The development of TFC is currently on hold. As the available code is not supported by an OS that can receive latest security updates, installation of TFC on new systems is not recommended. No vulnerability has been found from the current version, thus existing users do not need to take any action.
Tinfoil Chat (TFC) is a high assurance encrypted messaging system that operates on top of existing IM clients. The free and open source software is used together with free hardware to protect users from passive eavesdropping, active MITM attacks and remote CNE practised by organized crime and nation state attackers.
XSalsa20 encryption and Poly1305-AES MACs provide end-to-end encrypted communication with deniable authentication: Symmetric keys are either pre-shared, or exchanged using X25519, the base-10 fingerprints of which are verified via out-of-band channel. TFC provides per-packet forward secrecy with hash ratchet the KDF of which chains SHA3-256, Blake2s and SHA256.
The software is used in hardware configuration that provides strong endpoint security: Encryption and decryption are separated on two isolated computers. The split TCB interacts with a third, networked computer through unidirectional serial interfaces. Direction of data flow is enforced with free hardware design data diodes; Lack of bidirectional channels to isolated computers prevents insertion of malware to the encrypting computer and exfiltration of keys and plaintexts from the decrypting computer -- even with exploits against zero-day vulnerabilities in software and operating systems running on the TCB halves.
TFC supports multiple IM accounts per user to hide the social graph of communicating parties, even during end-to-end encrypted group conversations.
TFC allows a group or two parties to defeat metadata about quantity and schedule of communication with traffic masking, where messages and background file transmission is inserted into a constant stream of encrypted noise traffic.
How it works
TFC uses three computers per endpoint. Alice enters her messages and commands to Transmitter program running on her transmitter computer (TxM), a TCB separated from network. The Transmitter program encrypts and signs plaintext data and relays the ciphertext from TxM to her networked computer (NH) trough a serial interface and a hardware data diode.

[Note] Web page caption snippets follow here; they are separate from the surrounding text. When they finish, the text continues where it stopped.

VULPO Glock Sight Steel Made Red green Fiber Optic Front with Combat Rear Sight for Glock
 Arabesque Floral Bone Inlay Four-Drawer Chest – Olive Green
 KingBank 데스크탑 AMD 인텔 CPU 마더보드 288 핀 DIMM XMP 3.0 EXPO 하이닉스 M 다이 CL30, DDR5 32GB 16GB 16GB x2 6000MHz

Messages and commands received to NH are relayed to IM client (Pidgin or Finch), and to Alice's receiver computer (RxM) via another serial interface and data diode. The Receiver program on Alice's RxM authenticates, decrypts and processes the received messages and commands.
The IM client sends the packet either directly or through Tor network to IM server, that then forwards it directly (or again through Tor) to Bob.
IM client on Bob's NH forwards packet to nh.py plugin program, that then forwards it to Bob's RxM (again through serial interface and data diode). Bob's Receiver program on his RxM then authenticates, decrypts, and processes the packet.
When Bob responds, he will type the message to his transmitter computer and in the end, Alice reads the message from her receiver computer.
Why keys can not be exfiltrated
Malware that exploits an unknown vulnerability in RxM can infiltrate the system, but is unable to exfiltrate keys or plaintexts, as data diode prevents all outbound traffic.
Malware can not infiltrate TxM as data diode prevents all inbound traffic. The only data input to TxM is the public key of contact (e.g.
5J8 C2h AVE Wv2 cGz oSd oQv Nkm 9tu ABP qwt Kz8 ou4 xvA HGx HUh sJC), which is manually typed by the user.
The NH is assumed to be compromised: all sensitive data that passes through it is always encrypted and signed.
Optical repeater inside the optocoupler of the data diode (below) enforces direction of data transmission with the laws of physics.
Supported Operating Systems
TxM and RxM
- *buntu 17.04 (64-bit)
- Tails 3.1
- *buntu 17.04 (64-bit)